El camino para seguir a Jesús es angosto, pero es el único que conduce a la vida. “Dichoso el que no tropieza por causa mía.” Dichosos los que libremente toman su cruz, los que con alegría confiesan a Jesús delante de los hombres, sabiendo que esto los convertirá en blanco de odio, insultos y maltrato. Dichosos los que no temen lo que otros temen, sino que solo temen a Dios (Mateo 10:28). Ellos son verdaderamente libres; ¡están llenos de vida! Están en paz consigo mismos y con Dios, porque la verdad gobierna su vida, no el temor a la opinión pública o a la incertidumbre de la seguridad terrenal, ni el deseo vano de estatus social.

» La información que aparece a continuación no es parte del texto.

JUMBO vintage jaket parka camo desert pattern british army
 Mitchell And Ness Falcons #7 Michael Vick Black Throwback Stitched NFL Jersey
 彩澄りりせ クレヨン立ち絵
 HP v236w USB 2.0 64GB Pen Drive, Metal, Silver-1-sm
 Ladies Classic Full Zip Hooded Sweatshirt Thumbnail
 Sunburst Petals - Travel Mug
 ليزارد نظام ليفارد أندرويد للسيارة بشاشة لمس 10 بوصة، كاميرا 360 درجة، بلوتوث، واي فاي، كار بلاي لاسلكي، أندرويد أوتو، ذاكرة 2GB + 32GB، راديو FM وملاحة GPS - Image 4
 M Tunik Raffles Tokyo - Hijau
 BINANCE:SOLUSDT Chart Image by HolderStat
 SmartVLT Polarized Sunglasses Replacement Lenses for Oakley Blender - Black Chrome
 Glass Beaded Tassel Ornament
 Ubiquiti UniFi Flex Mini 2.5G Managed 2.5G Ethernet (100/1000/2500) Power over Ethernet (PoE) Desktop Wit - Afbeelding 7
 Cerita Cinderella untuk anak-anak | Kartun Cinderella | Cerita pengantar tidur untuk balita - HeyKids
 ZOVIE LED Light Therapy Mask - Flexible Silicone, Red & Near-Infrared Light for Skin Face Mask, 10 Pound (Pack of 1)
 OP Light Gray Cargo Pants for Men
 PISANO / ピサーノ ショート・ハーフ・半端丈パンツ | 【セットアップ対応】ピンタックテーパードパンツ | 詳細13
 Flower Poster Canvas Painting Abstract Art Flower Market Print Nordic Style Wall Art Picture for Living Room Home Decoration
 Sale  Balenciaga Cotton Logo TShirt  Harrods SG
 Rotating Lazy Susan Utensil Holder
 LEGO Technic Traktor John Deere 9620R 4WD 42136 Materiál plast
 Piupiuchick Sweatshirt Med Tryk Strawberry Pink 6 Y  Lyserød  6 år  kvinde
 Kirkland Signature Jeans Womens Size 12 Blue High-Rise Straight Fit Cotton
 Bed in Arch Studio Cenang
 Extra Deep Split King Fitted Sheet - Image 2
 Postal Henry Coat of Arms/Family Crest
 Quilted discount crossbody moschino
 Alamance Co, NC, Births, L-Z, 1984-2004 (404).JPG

Jesús hizo y dijo muchas cosas que no nos resulta fácil oír ni aceptar (Juan 6:60). Aun así, porque él es el camino, la verdad y la vida, obedecerlo es la clave para nuestra vida. Jesús no vino a quitarnos ni empequeñecer nuestra vida como un ladrón. “Yo he venido para que tengan vida y la tengan en abundancia” (Juan 10:10). Las enseñanzas de Jesús pueden ser difíciles de entender y duras de llevar a la práctica, pero “son espíritu y son vida” (Juan 6:63). Por lo tanto, no debemos modificarlas adecuándolas a un estilo de cristianismo propio ni adaptarlas para que coincidan con nuestros deseos. Solo cuando seguimos sus enseñanzas de corazón podemos ser sus discípulos. Pero ¡ánimo! Jesús ha prometido que todos los que lo obedezcan “conocerán la verdad, y la verdad los hará libres” (Juan 8:32).